Apria Healthcare Group Inc. Announces Consent Solicitation for Its 11.25% Senior Secured Notes Due 2014 (Series A-1) and 12.375% Senior Secured Notes Due 2014 (Series A-2)


LAKE FOREST, Calif., March 31, 2010 (GLOBE NEWSWIRE) -- Apria Healthcare Group Inc. ("Apria") announced today that it is soliciting consents from holders of its outstanding 11.25% Senior Secured Notes due 2014 (Series A-1) (the "Series A-1 Notes") and 12.375% Senior Secured Notes due 2014 (Series A-2) (the "Series A-2 Notes" and together with the Series A-1 Notes, the "Notes") for amendments to the indenture for the Notes that would permit Apria to make a one-time dividend or other distribution in an amount up to $500 million (the "Distribution") to its equity holders. In connection with the Distribution, Apria expects to incur up to $450.0 million of new unsecured indebtedness (the "proposed financing") and to use the proceeds of such new indebtedness, together with available cash, to make the Distribution and to pay related fees and expenses. Adoption of the proposed amendments requires the consent of holders of at least a majority of the outstanding aggregate principal amount of the Notes voting as a single class (such consent, the "requisite consents"). The aggregate outstanding principal amount of the Series A-1 Notes and Series A-2 Notes as of March 30, 2010 was $700.0 million and $317.5 million, respectively. Banc of America Securities LLC and Wells Fargo Securities, LLC are acting as Solicitation Agents for the consent solicitation.

The consent solicitation will expire at 5:00 p.m., New York City time, on April 9, 2010, unless extended (such date and time, as the same may be extended, the "Expiration Date"). Only holders of record of the Notes as of 5:00 p.m., New York City time, on March 30, 2010 are eligible to deliver consents to the proposed amendments in the consent solicitation.

The consent payment for the Notes is $30.00 in cash per $1,000 principal amount of Notes for which consents are validly delivered (and not revoked). Payment of the consent payment is conditioned upon, among other things, the receipt of the requisite consents at or prior to the Expiration Date, the effectiveness of the proposed amendments to the indenture governing the Notes and certain other conditions set forth in the Consent Solicitation Statement, dated March 31, 2010. The consent payment will be paid no later than the third business day following the completion of the proposed financing.

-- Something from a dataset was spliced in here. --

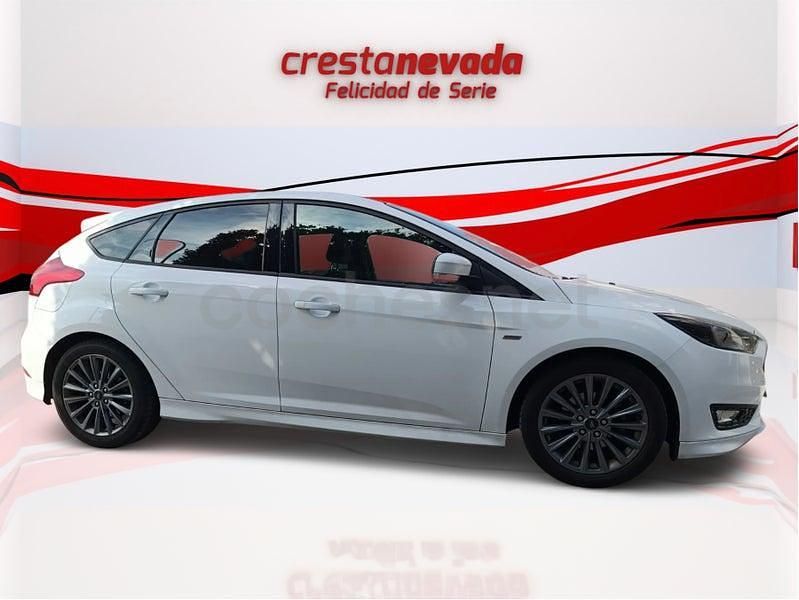 Usado Ford Focus ST-Line 125 CV (91 kW) 2018 Blanco Berlina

Consents with respect to the Notes may not be revoked after the earlier of (i) the Expiration Date and (ii) the time and date on which the requisite consents are received by Apria.

The consent solicitation is being made solely on the terms and subject to the conditions set forth in the Consent Solicitation Statement, dated March 31, 2010, and the accompanying Consent Form (together, the "Consent Documents"). The consent solicitation is conditioned upon the receipt of the requisite consents on or prior to the Expiration Date and certain other conditions set forth in the Consent Solicitation Statement. However, the proposed amendment will not become operative until Apria pays the consent fee and the proposed financing has been completed.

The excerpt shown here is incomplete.